Alberta police lay charges in one of a series of wild horse killings

SUNDRE, Alta. - A three-year investigation has resulted in Alberta RCMP laying charges in one of a series of wild horse killings in the Rocky Mountain foothills near Sundre.

SUNDRE, Alta. - A three-year investigation has resulted in Alberta RCMP laying charges in one of a series of wild horse killings in the Rocky Mountain foothills near Sundre.

And police hope that further charges in the other horse killings are soon to follow.

"We're still investigating each and every one of these instances," RCMP spokesman Sgt. Patrick Webb said Wednesday.

"None of the files have been closed and we have expectations that we will be able to resolve some of the other ones with more evidence and with more people coming forward."

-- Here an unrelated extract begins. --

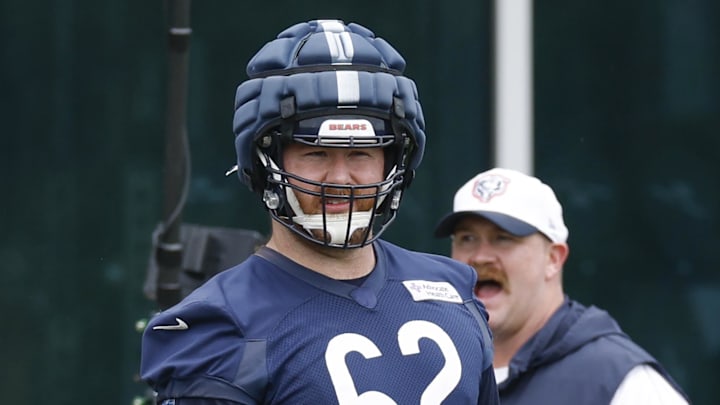 Chicago Bears guard Joe Thuney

Two men and one boy face charges under both the Criminal Code and Alberta's Wildlife Act in the shooting of a wild horse last year.

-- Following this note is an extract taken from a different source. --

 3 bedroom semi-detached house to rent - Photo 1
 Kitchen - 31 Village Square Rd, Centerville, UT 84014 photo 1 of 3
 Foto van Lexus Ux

It was one of nearly 30 seemingly random shootings since the early 1990s of wild horses in the area, with bodies being left in the bush.

"They were just left there to be preyed upon by the scavengers," said Bob Henderson, a local resident who came across several of the kill sites.

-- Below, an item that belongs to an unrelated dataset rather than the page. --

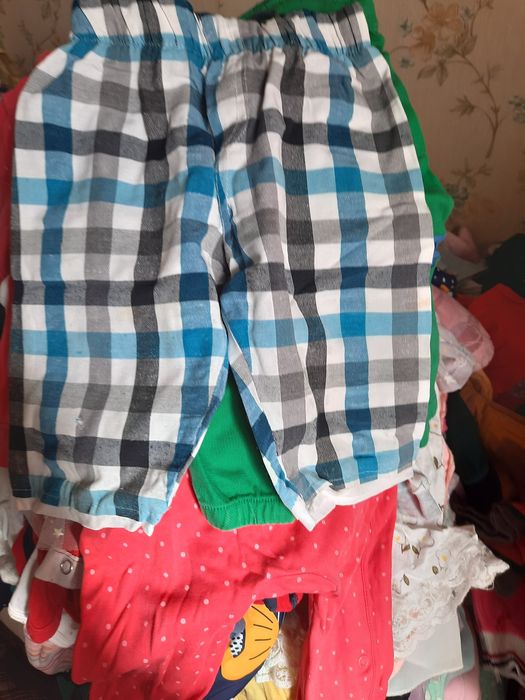 Продам детские вещи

"One was a mare just ready to foal - the baby was right there in the delivery channel," he said. "That one really hurt."

The latest shooting happened last April when three horses near a road were shot by someone using a high-powered rifle.

A $25,000 reward was offered to anyone who gives information leading to an arrest. There was no word Wednesday if the reward had been claimed.

Police, along with Alberta Fish and Wildlife officers, have been investigating the shootings since 2007, Webb said. The work was made more difficult by the rough, remote terrain in which they occurred.

"The terrain itself is in the foothills and mountains around the Sundre area and in addition these crimes were done in a very isolated area - very little likelihood of witnesses being present."

Henderson, president of the Wild Horse Society of Alberta, said there are between 300 and 350 horses in west central Alberta that have reverted to their wild state, although the provincial government pegs the number at around 600.

Alberta considers wild horses as stray domestic animals and not as wildlife.

Henderson's group has been lobbying the province to bring in legal protection for the animals, as was done recently in Saskatchewan.

"We think they should be recognized as part of our natural history and part of our culture and identified as wild, free-roaming horses instead of just feral, stray animals," Henderson said.

He said calling the horses feral or stray "feeds into the mindset" that it's OK to shoot them.

Jason Nixon, 29, and Earl Anderson, 40, as well as 13-year-old boy are to appear in court in Didsbury, Alta., on March 1. All three are from the Sundre area.

Nixon has also been charged with threatening and obstructing a Fish and Wildlife officer in connection with a poaching and trespassing investigation.

Police say charges are pending against a third man from the Calgary area.